» **YOUR ASSIGNMENT**
Using the records below, transcribe exactly only the lines from the one with "this 300×225 image." through the end, both included, and drop every picture.
··· RECORDS TO USE
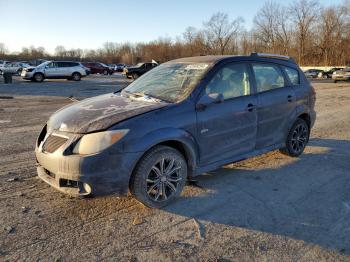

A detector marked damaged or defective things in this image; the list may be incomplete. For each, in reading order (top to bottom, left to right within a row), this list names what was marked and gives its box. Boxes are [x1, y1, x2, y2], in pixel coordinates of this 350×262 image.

damaged hood [47, 92, 167, 133]
damaged front bumper [35, 128, 139, 198]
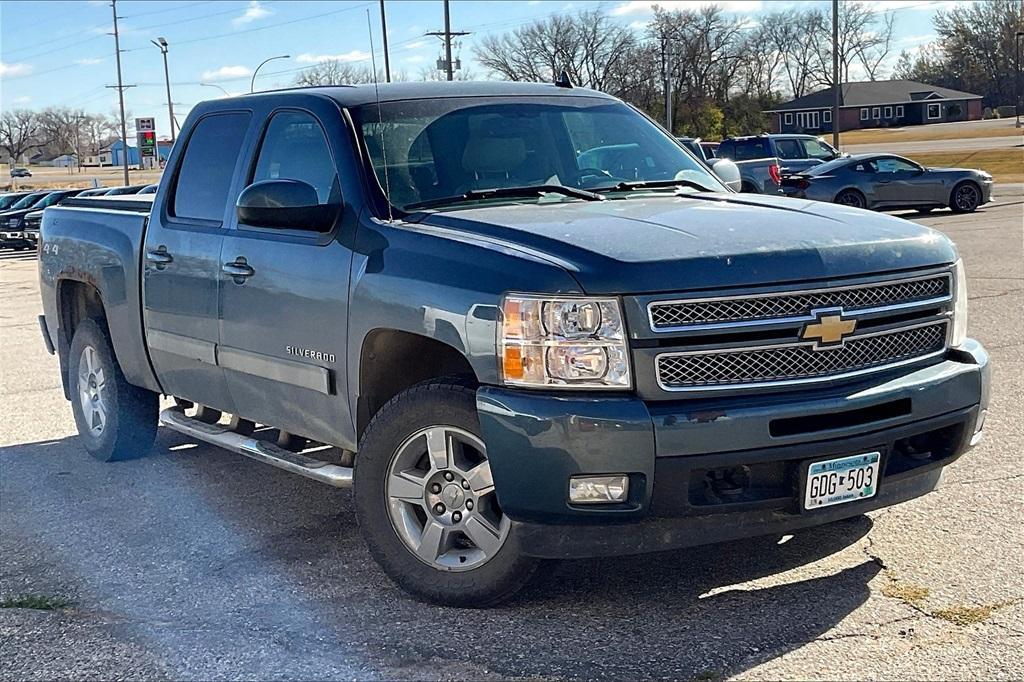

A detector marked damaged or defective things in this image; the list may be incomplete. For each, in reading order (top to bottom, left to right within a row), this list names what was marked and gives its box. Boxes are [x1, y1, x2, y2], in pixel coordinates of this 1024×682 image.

cracked asphalt [0, 185, 1020, 676]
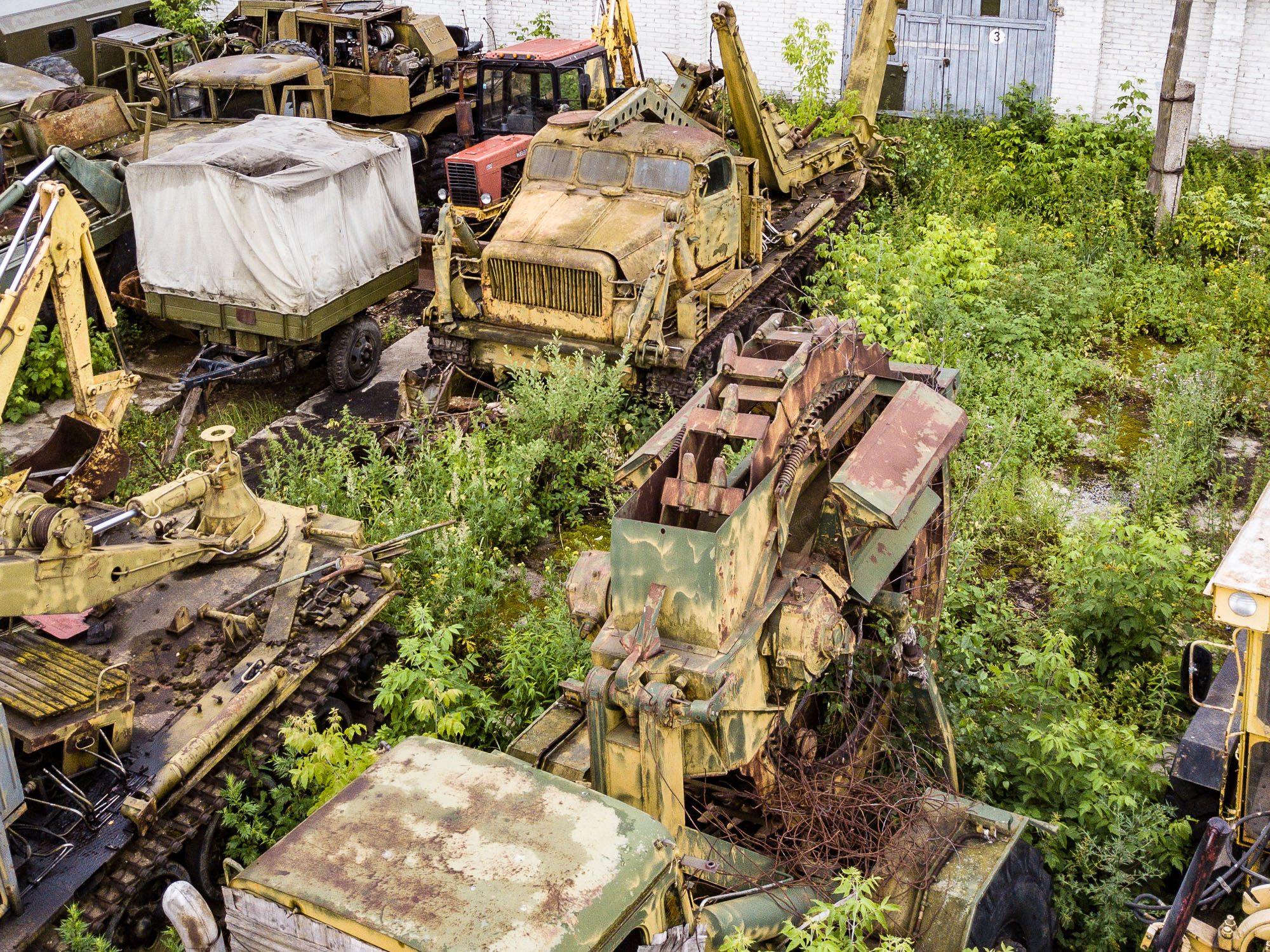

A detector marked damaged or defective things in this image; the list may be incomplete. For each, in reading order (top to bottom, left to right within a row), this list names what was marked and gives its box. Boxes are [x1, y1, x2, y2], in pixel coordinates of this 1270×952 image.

rusted hood [493, 184, 665, 271]
rusty trench digger [427, 0, 904, 403]
rusty tracked vehicle [429, 0, 904, 403]
rusty trench digger [0, 187, 417, 952]
rusty tracked vehicle [171, 317, 1052, 952]
rusty trench digger [169, 318, 1057, 952]
rusted metal panel [828, 380, 965, 530]
rusted hood [230, 736, 676, 952]
rusted metal panel [234, 736, 681, 952]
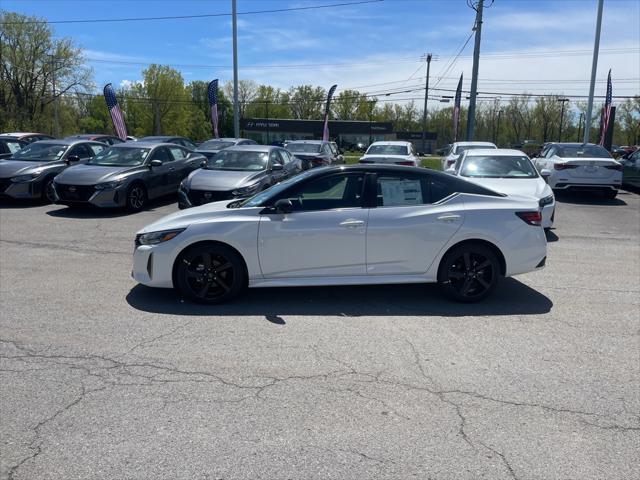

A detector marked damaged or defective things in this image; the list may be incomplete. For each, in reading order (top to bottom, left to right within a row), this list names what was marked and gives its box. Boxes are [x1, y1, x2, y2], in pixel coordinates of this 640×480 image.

cracked asphalt [0, 189, 636, 478]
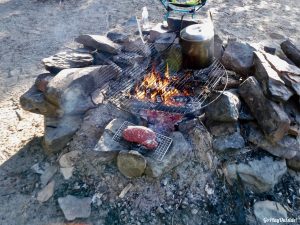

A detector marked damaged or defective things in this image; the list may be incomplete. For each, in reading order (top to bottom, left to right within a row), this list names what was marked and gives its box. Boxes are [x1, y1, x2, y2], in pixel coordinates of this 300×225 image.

burnt wood stick [280, 39, 300, 67]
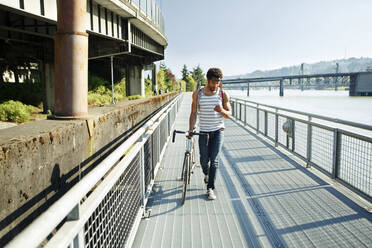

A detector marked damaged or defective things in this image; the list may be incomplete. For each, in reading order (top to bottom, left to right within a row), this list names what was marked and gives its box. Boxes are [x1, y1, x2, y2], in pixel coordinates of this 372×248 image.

rusty metal column [53, 0, 88, 117]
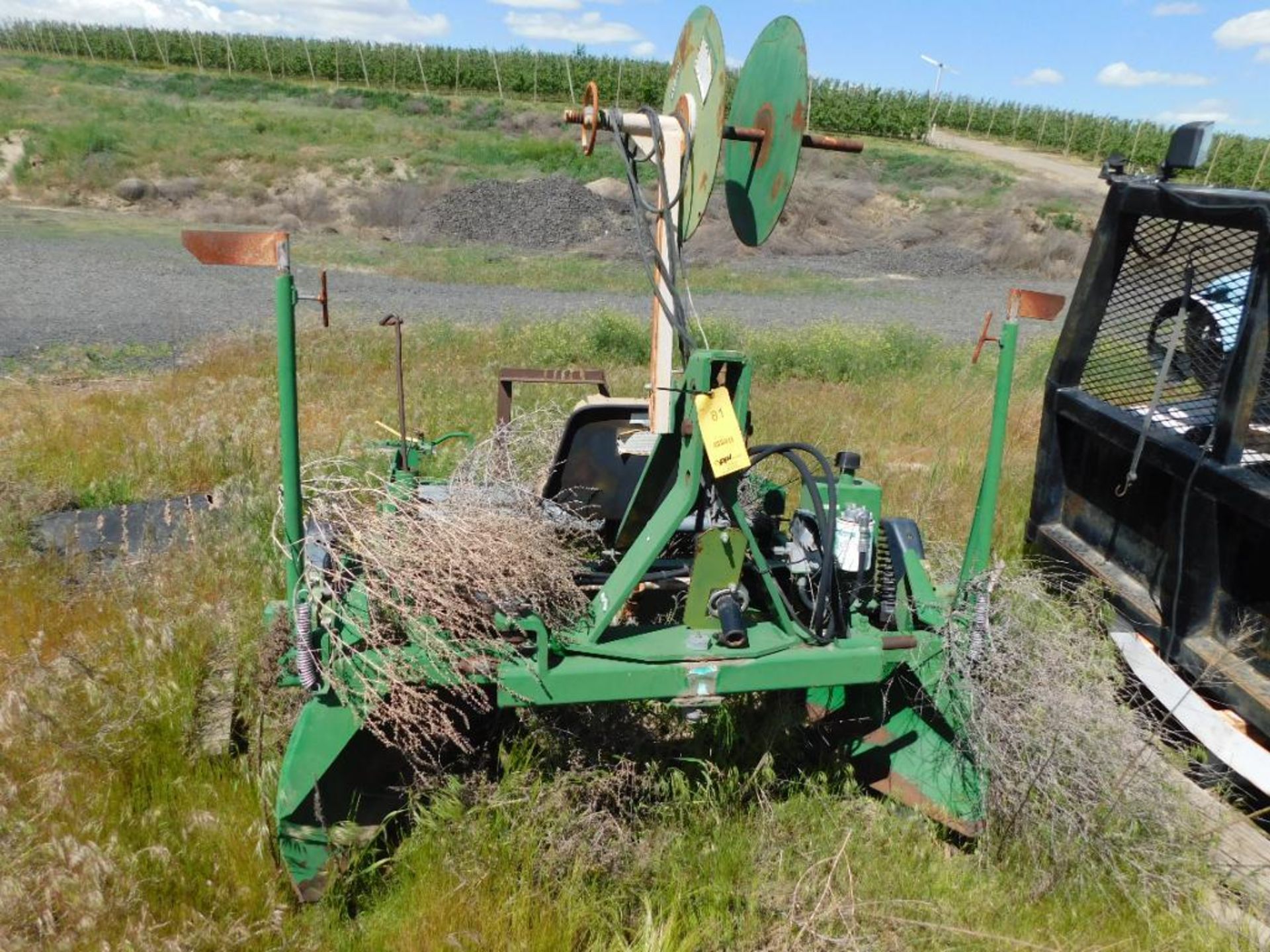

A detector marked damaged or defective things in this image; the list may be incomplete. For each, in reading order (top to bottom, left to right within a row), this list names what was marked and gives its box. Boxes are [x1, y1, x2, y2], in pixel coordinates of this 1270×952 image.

rusty green spool disc [665, 5, 726, 242]
rusty steel plate [665, 5, 726, 242]
rusty green spool disc [726, 16, 802, 246]
rusty steel plate [726, 16, 802, 246]
rusty blade [181, 232, 283, 270]
rusty steel plate [181, 232, 283, 270]
rusty metal bracket [495, 368, 609, 426]
rusty blade [1005, 289, 1066, 322]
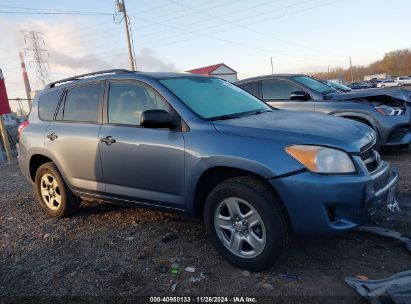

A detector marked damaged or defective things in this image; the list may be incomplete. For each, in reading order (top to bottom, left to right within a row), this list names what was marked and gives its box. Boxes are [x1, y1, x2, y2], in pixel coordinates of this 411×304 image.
······
» **TASK SOLUTION**
A detector marked damaged or defective things in this image; the list may be incomplete. For each, in reading order (top to bottom, left to right within a row), this list names what was marked and gives its box. Boxes are [x1, y1, x2, y2], in pixel coordinates of this 300×225 image.

burnt wood stick [280, 39, 300, 67]

A detector marked damaged or defective things in this image; the list may be incomplete. For each, in reading order (top to bottom, left to right within a row), this list names what was marked and gives its box. Boxes are [x1, y1, x2, y2], in pixel coordinates of this 372×248 image.

rusty metal column [53, 0, 88, 117]

A detector marked damaged or defective things in this image; the list may be incomplete. For each, in reading order (top to bottom, left to right within a row), this list names what was marked and gives its box. Boxes are [x1, y1, x2, y2], in pixel coordinates of this 1270×952 image.

rusty green spool disc [665, 5, 726, 242]
rusty steel plate [665, 5, 726, 242]
rusty green spool disc [726, 16, 802, 246]
rusty steel plate [726, 16, 802, 246]
rusty blade [181, 232, 283, 270]
rusty steel plate [181, 232, 283, 270]
rusty metal bracket [495, 368, 609, 426]
rusty blade [1005, 289, 1066, 322]

A detector marked damaged or defective things in this image; the list may be incomplete. For each, in reading order (top to bottom, left to right within a row), this list names what was marked and gives its box. Boxes are [x1, y1, x2, y2], in pixel coordinates of this 411×304 image.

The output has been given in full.